MaisPB – Você tem muitas lembranças de seus pais, como era a convivências com eles?

Denise Emmer – As lembranças de meus pais não se apagam com o tempo. Guardo-as em minha memória e em minha alma. Ambos, pais dedicados e carinhosos, cada qual do seu jeito, principalmente, o legado de um aprendizado de sabedoria humana. Valores essenciais que hoje parecem esquecidos, enquanto vivemos em um mundo embrutecido onde a solidariedade parece uma questão obsoleta. Devo dizer também que apesar de não serem músicos nem poetas, (mas grandiosos escritores) sempre nos incentivaram, a mim e a meus irmãos a prosseguirmos com nossas vocações não convencionais.
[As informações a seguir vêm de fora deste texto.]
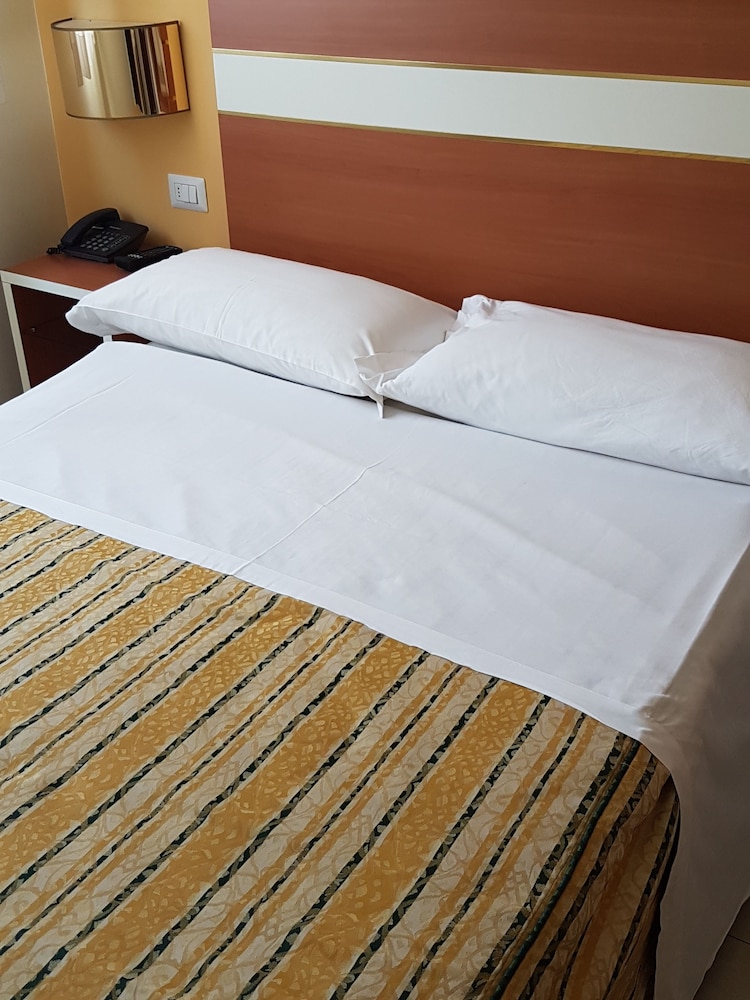 hotel gf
MaisPB – E o single Setembro Antigo?

Denise Emmer – Foi composto há poucos meses e mereceu um videoclipe que até o momento está com mais de 30 mil visualizações. O poeta paulista Álvaro Alves de Faria dedicou-me o belo poema, que ao lê-lo pela primeira vez, a melodia chegou-me à mente junto com os versos. Logo a harmonizei no piano e senti que se tratava de uma canção balada pop. Arranjo do Alain Pierre, o violoncelo de Jaques Morelenbaum e os vocais feitos por mim e Alain. Junto com o álbum inédito Cantiga do verso avesso, o Setembro Antigo faz parte do lançamento.
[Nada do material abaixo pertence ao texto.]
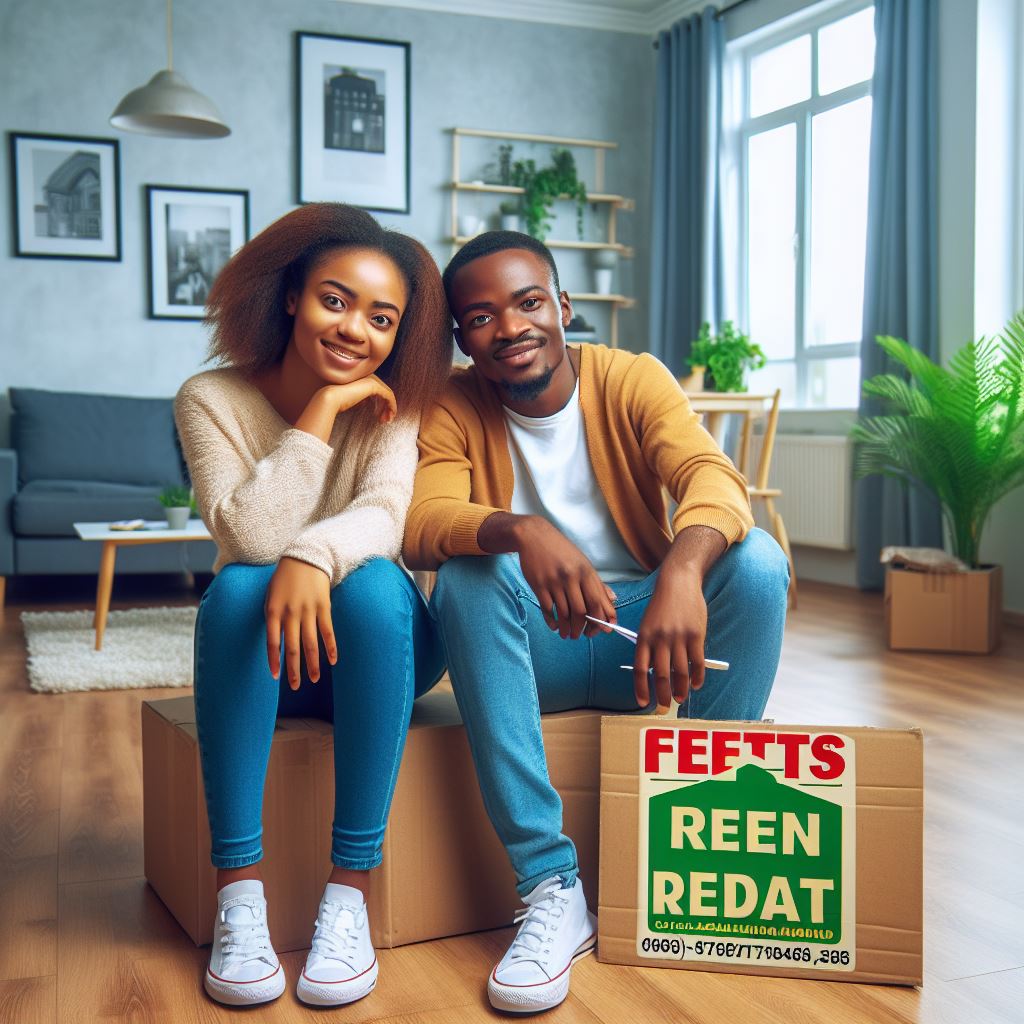 Owning vs Renting: Financial Analysis for Nigerians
MaisPB – As letras desse disco são bem literárias. Proposital?

Denise Emmer – As letras, poderiam ser consideradas literárias por se tratar de poesia. Porém, há uma certa música que transparece em cada uma delas, assim, elas se inserem espontaneamente nas canções compostas. Creio que a poesia também é música das palavras. Vejo dessa forma. Se não seria prosa.
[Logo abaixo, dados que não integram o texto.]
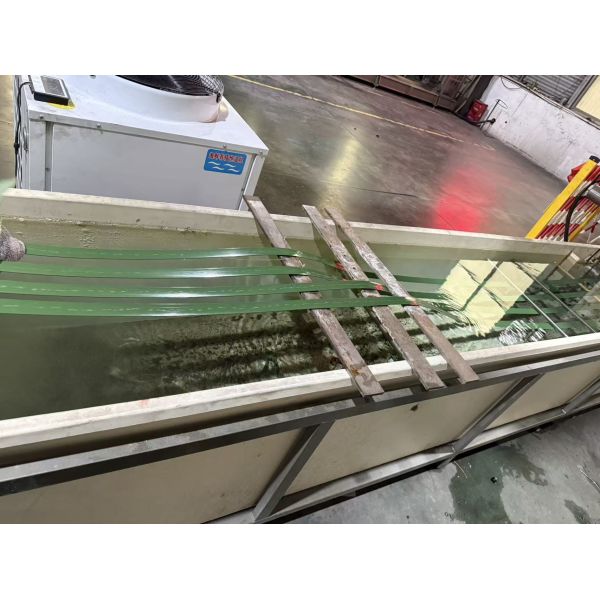 Wenzhou Enjoy Packaging Material Co.,Ltd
MaisPB – Quem é Denise Emmer?

Denise Emmer – Quem é Denise Emmer… poderia responder com a máxima filosófica conhece-te a ti mesmo de Sócrates. Uma saída para dizer que ninguém sabe a fundo quem é. Ou quem deseja ser. Ou quem não desejaria ser. Poucas coisas sei de mim, porém digo que sou uma poeta que escreve músicas ou uma compositora que escreve poesias e as canta. Sou uma equilibrista que dá passos cuidados entre dois mundos, o da música e o da poesia. Alguém dividido por duas vocações e que passou a vida tentando não superar a outra, pois ambas são parte de algo maior que é o Ser. O Estar no Mundo.